Addressing the Enterprise: Why the Web needs Groves

Sun Jun 6 11:17:28 BST 1999

I'm posting the first few sections of 

http://www.prescod.net/groves/shorttut/

I've rewritten a lot of it to demonstrate the importance to the Web. I am
hoping to generate some discussion on XML-DEV and xlxp.

--------------------------------------------------------------------------------

1. Introduction
This paper is a high level introduction to the grove paradigm. Just as
SGML was a hidden jewel buried in among the ISO standards for screwdriver
heads, groves are another well-kept secret. The time has come to make
"groves for the Web". This document should be relevant to the people that
would do the specifying and coding to make groves available on the Web,
but also to technically-oriented managers that are not interested in the
fine details. 

This document is intended to explain the importance of the grove paradigm
to the 
It is intended to clarify in people's minds what the result of parsing an
SGML or XML document should look like. Some variation on the grove model
could be imagined, but the basics of the model seem fundamental and
unavoidable to me: for instance, W3C's DOM reflects the same basic
concepts. 
Groves were invented to solve the problems that had become revealed at a
particular point in the development of the SGML family of standards. XML
has reached the same point so the time is right to popularize the grove
idea.

Please send me your comments on this document. It will eventually become
an ISOGEN technical paper, but it is still rough. 
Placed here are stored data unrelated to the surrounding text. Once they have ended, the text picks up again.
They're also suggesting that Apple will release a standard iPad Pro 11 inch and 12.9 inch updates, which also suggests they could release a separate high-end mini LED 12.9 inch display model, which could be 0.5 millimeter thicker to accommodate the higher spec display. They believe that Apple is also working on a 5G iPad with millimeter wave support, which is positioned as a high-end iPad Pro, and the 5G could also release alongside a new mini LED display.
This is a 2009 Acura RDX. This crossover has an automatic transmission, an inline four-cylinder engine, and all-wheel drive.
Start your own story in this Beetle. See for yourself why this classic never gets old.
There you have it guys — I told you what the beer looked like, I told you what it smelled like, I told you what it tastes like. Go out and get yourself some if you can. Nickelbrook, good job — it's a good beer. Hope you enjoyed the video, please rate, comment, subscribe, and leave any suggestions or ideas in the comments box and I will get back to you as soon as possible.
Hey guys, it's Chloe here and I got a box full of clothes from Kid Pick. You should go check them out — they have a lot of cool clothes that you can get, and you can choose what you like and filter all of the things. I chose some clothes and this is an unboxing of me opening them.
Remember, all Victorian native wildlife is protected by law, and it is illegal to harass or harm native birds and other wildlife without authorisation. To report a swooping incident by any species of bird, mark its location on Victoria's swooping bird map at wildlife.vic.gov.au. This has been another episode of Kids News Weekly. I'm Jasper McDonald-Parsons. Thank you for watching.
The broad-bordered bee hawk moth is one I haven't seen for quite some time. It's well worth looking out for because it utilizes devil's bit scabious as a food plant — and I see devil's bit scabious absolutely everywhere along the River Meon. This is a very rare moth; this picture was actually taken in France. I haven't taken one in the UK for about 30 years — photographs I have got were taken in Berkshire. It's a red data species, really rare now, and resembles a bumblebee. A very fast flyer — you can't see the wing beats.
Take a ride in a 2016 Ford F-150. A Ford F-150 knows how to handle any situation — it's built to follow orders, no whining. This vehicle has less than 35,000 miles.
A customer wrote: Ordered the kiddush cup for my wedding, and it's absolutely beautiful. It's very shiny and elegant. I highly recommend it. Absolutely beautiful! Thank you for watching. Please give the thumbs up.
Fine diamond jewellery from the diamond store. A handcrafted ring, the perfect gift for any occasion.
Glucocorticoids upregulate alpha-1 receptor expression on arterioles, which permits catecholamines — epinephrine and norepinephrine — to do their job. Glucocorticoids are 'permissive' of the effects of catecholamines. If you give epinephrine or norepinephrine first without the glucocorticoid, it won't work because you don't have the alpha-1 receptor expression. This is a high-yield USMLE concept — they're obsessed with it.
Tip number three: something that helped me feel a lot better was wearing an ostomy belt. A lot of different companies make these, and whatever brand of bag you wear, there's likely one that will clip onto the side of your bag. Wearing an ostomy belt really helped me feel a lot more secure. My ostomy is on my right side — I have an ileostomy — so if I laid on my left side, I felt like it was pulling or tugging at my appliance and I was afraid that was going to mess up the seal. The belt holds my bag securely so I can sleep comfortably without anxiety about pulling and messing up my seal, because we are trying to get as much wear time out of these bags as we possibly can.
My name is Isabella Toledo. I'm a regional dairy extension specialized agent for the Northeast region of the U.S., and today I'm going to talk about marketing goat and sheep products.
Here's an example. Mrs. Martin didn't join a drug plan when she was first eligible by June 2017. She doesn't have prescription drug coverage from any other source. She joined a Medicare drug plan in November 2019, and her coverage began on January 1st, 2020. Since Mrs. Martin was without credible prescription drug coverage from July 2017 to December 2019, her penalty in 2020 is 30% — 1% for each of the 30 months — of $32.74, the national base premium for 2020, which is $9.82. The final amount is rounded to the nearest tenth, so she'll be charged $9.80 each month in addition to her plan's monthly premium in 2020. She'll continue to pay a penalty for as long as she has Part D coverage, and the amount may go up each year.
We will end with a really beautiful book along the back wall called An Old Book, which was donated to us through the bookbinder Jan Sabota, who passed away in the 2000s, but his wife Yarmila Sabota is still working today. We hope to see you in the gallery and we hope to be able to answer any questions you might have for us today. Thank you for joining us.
--------------------------------------------------------------------------------

2. Background

2.1 The Problem

In the early and mid-1990s, the ISO groups that were responsible for the
SGML family of standards realized that they had a large problem. The
people working on the DSSSL and HyTime standards found that they had
slightly different ideas of the abstract structure of an SGML document.
Understanding an SGML document's structure is easy for simple things, but
there are many issues that are quite complex. For instance, it is not
clear whether comments should be available for a DSSSL spec. to work on,
or whether they should be addressable by hyperlinks. It isn't clear
whether it should be possible to address every character, or only
non-contiguous spans of characters. Should it be possible to address and
process tokens in an attribute value or only character spans? Should it be
possible to address markup declarations? XLink and XSL must solve all of
the same issues.

Although this paper will discuss many problem domains, the reader should
keep in mind that addressing is the central one. If you cannot address
information (e.g. through a URL) then you cannot do anything else you need
to it: such as retrieve it, bind methods to it, attach metadata to it,
apply access control lists to it, render it, work with it in a programming
language and so forth. Addressing is the key. Value follows naturally and
immediately.

The reason that addressing into XML (and other data formats) is
ill-defined is because the XML specification speaks of the syntax of the
XML language, not the abstract, addressible objects encoded in the
document. Linking and processing are done in terms of some data model, not
in terms of syntax. When you make a link between two elements, you are not
linking in terms of the character positions of the start- and end-tags in
an SGML or XML entity. You are linking in terms of abstract notions such
as "element", "attributes" and "parse tree". The role of an XML parser is
to throw away the syntax and rebuild the logical ("abstract") view. The
role of a linking engine (such as a web browser) is to make links in terms
of that logical view. The role of a stylesheet engine is to apply
formatting in terms of that logical view.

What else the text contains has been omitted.